Abstract: SA-PO003
The Epidemiologic Burden of Tacrolimus Variability Among US Kidney Transplant Recipients
Session Information
- Transplantation: Clinical Outcomes
October 27, 2018 | Location: Exhibit Hall, San Diego Convention Center
Abstract Time: 10:00 AM - 12:00 PM
Category: Transplantation
- 1802 Transplantation: Clinical
Authors
- Shah, Pratik B., University of Chicago, Chicago, Illinois, United States
- Ennis, Jennifer L., Litholink Corporation, Chicago, Illinois, United States
- Cunningham, Patrick, University of Chicago, Chicago, Illinois, United States
- Josephson, Michelle A., University of Chicago, Chicago, Illinois, United States
- McGill, Rita L., University of Chicago, Chicago, Illinois, United States
Background
Within-patient tacrolimus level variability has been shown to be a risk factor for de novo donor specific antibody (DSA) formation and increased death censored graft failure (DCGF) among kidney transplant recipients in single-center reports. We evaluated the correlation between subtherapeutic tacrolimus levels and tacrolimus variability in a large national data set.
Methods
We evaluated all tacrolimus levels drawn at any LabCorp® facility in the United States, between November 2011 and September 2017, with a diagnosis code for kidney transplant. Levels drawn within the six months after the earliest value were excluded, to exclude patients with new allografts. Patients were included if there were at least three tacrolimus levels thereafter. Tacrolimus variability was calculated as the coefficient of variability of the tacrolimus levels as: 100 x (standard deviation/mean) and compared to a risk threshold of 30% (Rodrigo et al., 2016). The percentage of subtherapeutic (< 4.0 ng/dL) tacrolimus levels (%subT) was calculated for each subject. The associations of tacrolimus variability with %subT were assessed with correlation analysis and linear regression.
Results
There were 410,257 tacrolimus levels among 27,375 patients, of whom 43.1% were women. Mean age was 52.5±14.4 years. Median follow-up was 26.5 (IQR=12.8-46.1) months. The median number of tacrolimus levels per patient was 11 (IQR=6-20). Median tacrolimus variability was 30.6%, with 51.6% of patients exceeding 30% variability. Median %subT was 11.1% (IQR=0-30.8%), and 34.3% of patients had no subtherapeutic levels. The correlation coefficient between tacrolimus variability and %subT was 0.253 (P<0.001).

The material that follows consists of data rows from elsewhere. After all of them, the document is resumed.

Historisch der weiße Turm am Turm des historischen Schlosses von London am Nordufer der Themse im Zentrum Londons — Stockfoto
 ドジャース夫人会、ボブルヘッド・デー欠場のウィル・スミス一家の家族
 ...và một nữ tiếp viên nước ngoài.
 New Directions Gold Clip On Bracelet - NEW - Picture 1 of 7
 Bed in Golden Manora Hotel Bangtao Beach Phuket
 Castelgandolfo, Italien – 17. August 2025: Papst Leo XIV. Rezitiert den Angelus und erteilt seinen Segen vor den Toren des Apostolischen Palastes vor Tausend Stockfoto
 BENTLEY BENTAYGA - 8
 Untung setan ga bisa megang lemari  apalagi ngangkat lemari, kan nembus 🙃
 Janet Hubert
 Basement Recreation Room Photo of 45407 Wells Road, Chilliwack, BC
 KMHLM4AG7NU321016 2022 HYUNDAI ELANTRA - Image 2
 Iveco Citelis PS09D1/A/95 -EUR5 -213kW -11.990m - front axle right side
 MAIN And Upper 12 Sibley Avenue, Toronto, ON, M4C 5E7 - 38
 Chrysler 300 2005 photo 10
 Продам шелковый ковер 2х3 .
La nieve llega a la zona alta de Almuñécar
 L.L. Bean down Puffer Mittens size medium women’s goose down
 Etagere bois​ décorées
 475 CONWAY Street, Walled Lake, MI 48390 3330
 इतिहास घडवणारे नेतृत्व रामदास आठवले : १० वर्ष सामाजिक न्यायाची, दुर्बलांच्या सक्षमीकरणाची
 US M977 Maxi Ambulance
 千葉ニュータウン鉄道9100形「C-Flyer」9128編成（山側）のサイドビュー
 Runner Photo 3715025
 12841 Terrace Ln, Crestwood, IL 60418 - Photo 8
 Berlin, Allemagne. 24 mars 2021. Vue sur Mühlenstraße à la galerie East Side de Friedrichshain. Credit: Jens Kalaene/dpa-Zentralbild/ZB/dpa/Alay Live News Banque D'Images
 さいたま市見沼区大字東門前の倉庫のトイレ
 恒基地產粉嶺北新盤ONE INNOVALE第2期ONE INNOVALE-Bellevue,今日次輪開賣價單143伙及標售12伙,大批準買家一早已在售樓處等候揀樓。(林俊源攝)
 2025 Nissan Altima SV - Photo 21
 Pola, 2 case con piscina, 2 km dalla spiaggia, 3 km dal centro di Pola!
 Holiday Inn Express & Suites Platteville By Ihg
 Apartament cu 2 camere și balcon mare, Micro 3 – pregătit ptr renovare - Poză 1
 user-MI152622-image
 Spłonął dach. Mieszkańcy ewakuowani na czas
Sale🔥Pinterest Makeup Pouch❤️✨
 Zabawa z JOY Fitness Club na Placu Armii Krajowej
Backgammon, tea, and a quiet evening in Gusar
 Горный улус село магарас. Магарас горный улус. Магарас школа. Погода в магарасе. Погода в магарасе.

In linear regression, tacrolimus variability increased 1.86% for each 10% increase in %subT (P<0.001), but R-squared for this model was only 0.06.
Conclusion
More than half of established kidney transplant patients from a large national sample exhibited a level of tacrolimus variability that has been previously associated with 2 to 3- fold increased hazards of DSA and DCGF. Tacrolimus variability has an association with subtherapeutic levels, but likely reflects a complicated constellation of clinical factors and scenarios that merit further study.